Hope to celebrate with him when he pops over for a charity ride the following Saturday.


----------



## ColinJ (17 Sep 2014)

I just spotted that it will be on Eurosport tomorrow evening!


----------



## dan_bo (17 Sep 2014)

Massive!


----------



## e-rider (17 Sep 2014)

sounds like a test run for Fabian - surely he has no real chance of breaking the record


----------



## ColinJ (17 Sep 2014)

e-rider said:


> sounds like a test run for Fabian - surely he has no real chance of breaking the record


The UCI have changed the rules again to allow more sensible technology to be used, but they have not restored Boardman's old 56.375 km record so JV 'only' has to beat the current 49.xxx km record, which he thinks he can do.

He knows that Wiggins, Cancellara or Martin would probably soon take the record off him but holding it for a short while would be a great way to end his career.


----------



## 400bhp (17 Sep 2014)

ColinJ said:


> The UCI have changed the rules again to allow more sensible technology to be used, but they have not restored Boardman's old 56.375 km record so JV 'only' has to beat the current 49.xxx km record, which he thinks he can do.
> 
> He knows that Wiggins, Cancellara or Martin would probably soon take the record off him but holding it for a short while would be a great way to end his career.

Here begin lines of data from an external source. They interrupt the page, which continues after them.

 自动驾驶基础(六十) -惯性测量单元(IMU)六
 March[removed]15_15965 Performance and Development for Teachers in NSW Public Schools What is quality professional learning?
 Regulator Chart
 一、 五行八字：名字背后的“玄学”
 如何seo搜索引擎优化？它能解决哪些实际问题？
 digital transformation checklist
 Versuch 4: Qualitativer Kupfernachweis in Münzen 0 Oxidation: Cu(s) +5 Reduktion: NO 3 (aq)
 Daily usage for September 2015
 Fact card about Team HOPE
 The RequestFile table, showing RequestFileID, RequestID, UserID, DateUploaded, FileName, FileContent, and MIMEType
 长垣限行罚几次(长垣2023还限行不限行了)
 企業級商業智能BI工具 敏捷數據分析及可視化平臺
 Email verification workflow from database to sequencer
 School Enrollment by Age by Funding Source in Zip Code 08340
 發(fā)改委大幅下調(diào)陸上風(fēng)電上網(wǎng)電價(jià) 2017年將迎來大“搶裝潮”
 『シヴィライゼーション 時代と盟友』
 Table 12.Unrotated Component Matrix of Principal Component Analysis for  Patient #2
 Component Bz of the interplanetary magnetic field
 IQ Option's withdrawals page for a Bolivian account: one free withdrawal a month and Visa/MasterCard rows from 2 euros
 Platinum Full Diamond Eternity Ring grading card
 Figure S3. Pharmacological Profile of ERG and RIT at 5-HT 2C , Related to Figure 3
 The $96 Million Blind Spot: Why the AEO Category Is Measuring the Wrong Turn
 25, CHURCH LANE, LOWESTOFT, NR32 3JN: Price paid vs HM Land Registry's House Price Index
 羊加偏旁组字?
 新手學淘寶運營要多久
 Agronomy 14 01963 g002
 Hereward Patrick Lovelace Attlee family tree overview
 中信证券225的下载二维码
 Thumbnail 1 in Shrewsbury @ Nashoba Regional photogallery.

When I heard on Eurosport that he had to beat 49 point odd KM I thought it must have been a mistake. Clearly not. Reckon he'll have it for about a week.


----------



## StuAff (17 Sep 2014)

Agreed that he's probably Spartacus's stalking horse. But while Fab and the others have been hinting, murmuring, and generally Not Having A Go, Jens has MTFUd and is actually attempting it. And I think he'll do it. Looking forward to congratulating him in person.


----------



## ColinJ (17 Sep 2014)

400bhp said:


> When I heard on Eurosport that he had to beat 49 point odd KM I thought it must have been a mistake. Clearly not. Reckon he'll have it for about a week.


I would be pretty chuffed to be a world record holder for a week!


----------



## Pro Tour Punditry (17 Sep 2014)

Knowing Jens he'll probably go out and showboat for half the time and then fall back.


----------



## Hont (18 Sep 2014)

Apparently Jens has done something horrible with his mother (sort of NSFW)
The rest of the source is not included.